[JURIST] US Supreme Court Justice Antonin Scalia [Oyez profile] on Friday stayed [order, PDF] a Louisiana appeals court ruling awarding $241.5 million to the plaintiffs in a class action suit against several tobacco companies. The ruling, issued by Scalia in his role as Circuit Justice [28 USC § 2101(f)] for the US Court of Appeals for the Fifth Circuit, prevents the tobacco companies from having to carry out the decision, which ordered them to pay $241.5 million to a fund meant to help Louisianans quit smoking. The companies, which include Brown & Williamson Tobacco Corporation, Lorillard Tobacco Company, Philip Morris USA, Inc. and Tobacco Institute, Inc., were also ordered to pay $29 million in interest and $11 million for the administrative costs related to the fund. The ruling came after the Louisiana court found that the tobacco companies had “distort[ed] the entire body of public knowledge about the addictive effects of nicotine.” Scalia held that the case met the stay criteria, finding that it was likely the Supreme Court would grant certiorari, that there was a “significant possibility” of reversal and that there was the likelihood of irreparable harm without the stay. He also held that the case raises due process concerns because, under the Louisiana ruling, the individual plaintiffs are not required to establish that they were harmed by the companies’ actions, violating the companies’ due process right to present every available defense:
The extent to which class treatment may constitutionally reduce the normal requirements of due process is an important question. National concern over abuse of the class-action device induced Congress to permit removal of most major class actions to federal court, where they will be subject to the significant limitations of the Federal Rules. Federal removal jurisdiction has not been accorded, however, over many class actions in which more than two-thirds of the plaintiff class are citizens of the forum State. Because the class here was drawn to include only residents of Louisiana, this suit typifies the sort of major class action that often will not be removable, and in which the constraints of the Due Process Clause will be the only federal protection.

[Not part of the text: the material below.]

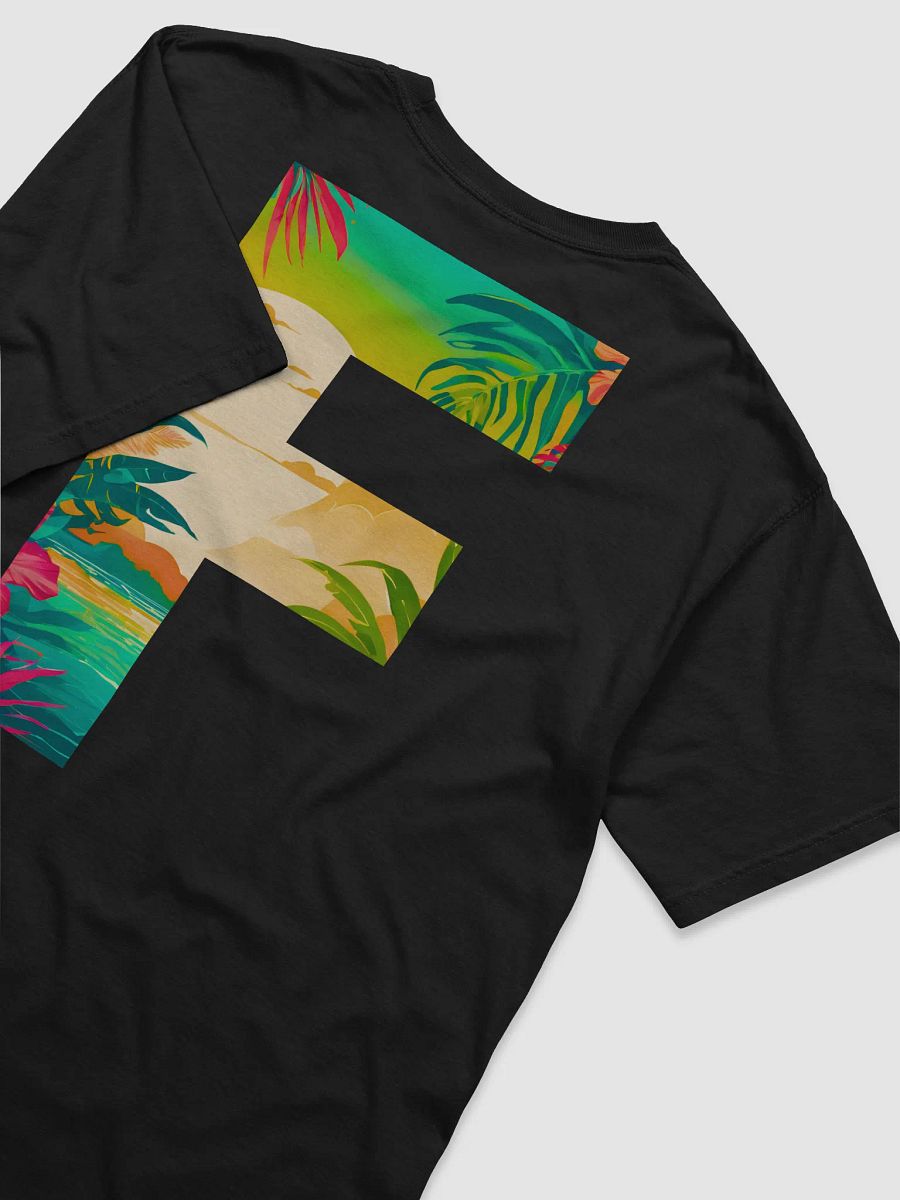 Tropical Sunset Paradise T-Shirt (Letter-F) product image (7)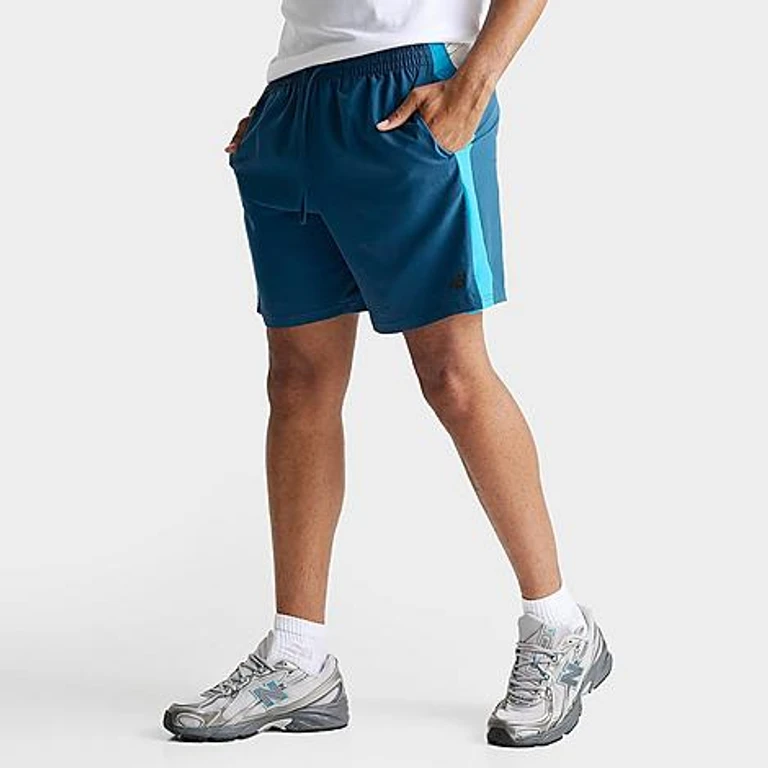 Men's Fast Days 7" Running Shorts in Navy/Purple Size: Small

The companies are expected to file their appeal to the Supreme Court in the coming year.
The companies requested the stay after the Supreme Court of Louisiana refused to hear their appeal from the ruling [text] of the Louisiana Court of Appeals for the Fourth Circuit. Philip Morris has faced other class action litigation related to its sales practices. In 2008, the US Court of Appeals for the Second Circuit overturned class action certification [JURIST report] for a lawsuit brought by “light” cigarette smokers against Philip Morris and other light cigarette makers. The class action, which included anyone who has ever bought light cigarettes since they hit the market in the 1970s, had alleged that tobacco companies used deceptive advertising tactics to mislead smokers in response to growing health concerns over the risks of smoking cigarettes. In September 2006, a judge for the US District Court for the Southern District of New York certified the class of 50 million plaintiffs [JURIST report] for the class-action suit. Lawyers estimated that sales of light cigarettes brought tobacco companies between $120 billion and $200 billion in extra sales since 1971.